Cornelia and Her Jewels
The first photo shows the Barnes tableau commonly called by wagon fans, “Cornelia and Her Jewels.” This term had been tacked on about 1946 more or less for identification purposes. Just who first used that name isn’t exactly known. Perhaps the central carved figure is Cornelia. Anyway, that’s as good a name for identification as any. This wagon was built by Louis Berg in winter of 1920-21 at the Culver City quarters using Bode carvings and is perhaps the most attractive tableau wagon ever to appear on the Barnes show. It shows the professional touch of a master wagon builder and looks like one of the fine ones turned out by Bode, Moeller, and others in years gone by. (1)
(Al. G. Barnes Circus, carrying the Side Show Band in parade, Minona, Minn. June 17, 1924 – Walker Morris photo)
It was used on the Barnes show from 1921 through the 1924 season as the sideshow bandwagon. The final regular parade was given by the Al G. Barnes Circus July 14, 1924, of Denver, Colorado. After the 1924 season, it is assumed this wagon was stored at winter quarters and then went to the studio rental service and hence to Jimmy Woods.
(1946 – Joseph Bradbury Album # 15 – photo # 47A – Cornelia and her Jewels air calliope – in Peoria, IL.)

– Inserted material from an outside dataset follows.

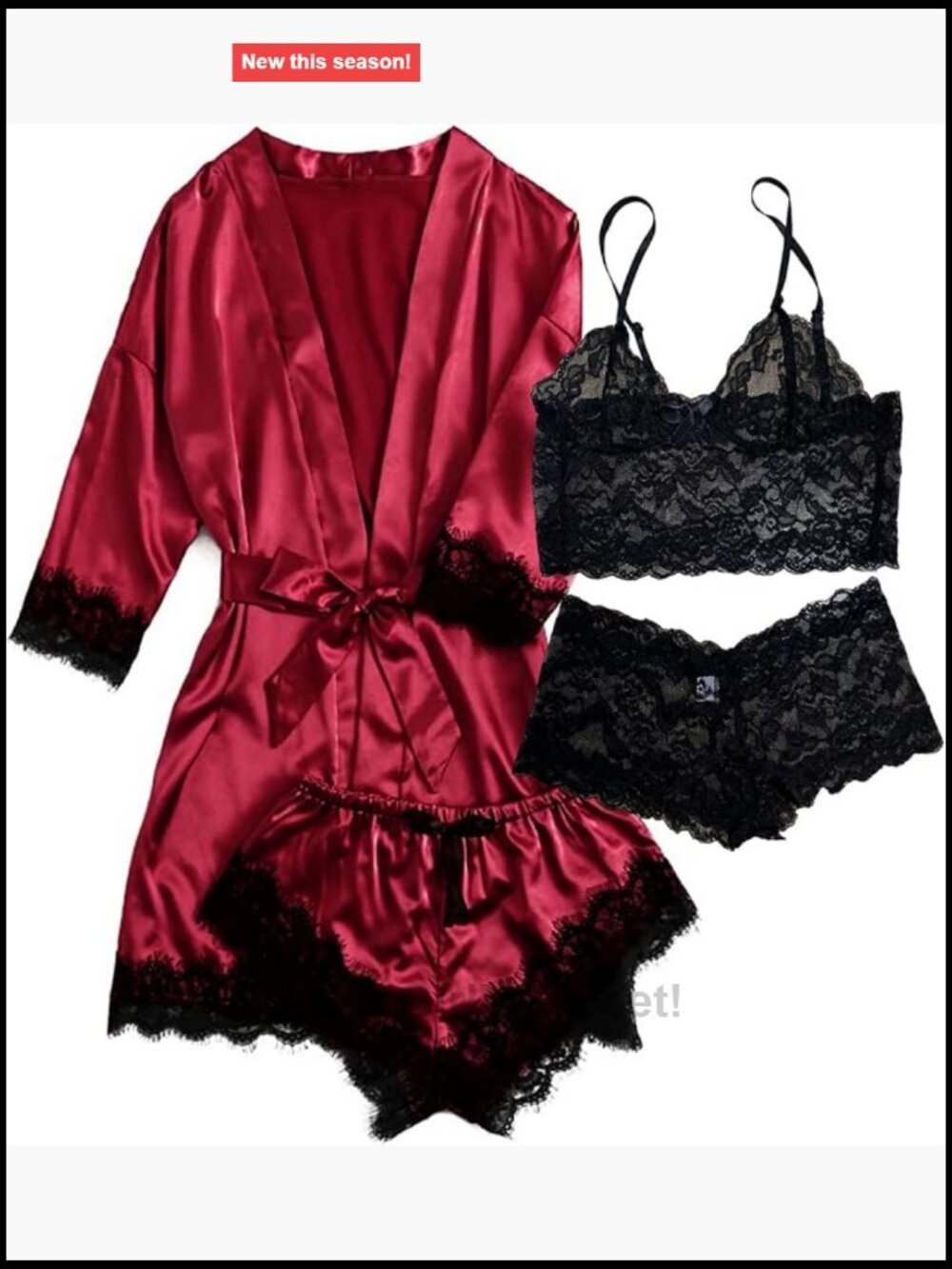 Women's Silk Pajama Set 4 Piece Satin Lace Sleepwear with Robe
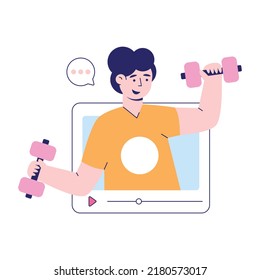 Amazingly Designed Flat Illustration Of Fitness Tutorial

In 1946 Frank Meyers of Peoria, Ill. got the carvings that had come off the long before dismantled wagon and were now strewn about the Woods lot in Venice and took them to Peoria to put on a wonderfully built little air calliope wagon he had constructed. For years the origin of the carvings Meyers had picked up in Venice remained a mystery to wagon historians, We knew they must have come from an old Barnes wagon because they had come from the Woods lot which at that time stored the remaining parade wagons of the show, but no one seemed to be able to recall such a wagon bearing the Cornelia carvings, nor could anyone find a photo of such a wagon. In 1955 Walker Morris, an old Barnes musician, who had been on the show in 1924 came up with a couple of photos of the original wagon and hence the mystery was solved. So far as it is known, the little air calliope that Meyers built is still in Peoria.
(1) excerpts from the Circus Wagon History files, Bandwagon, Vol. 3, No. 4 (Jul-Aug), 1959, pp. 3-4
(2) Fielding Band Chariots by Richard Conover, pp. 32-34.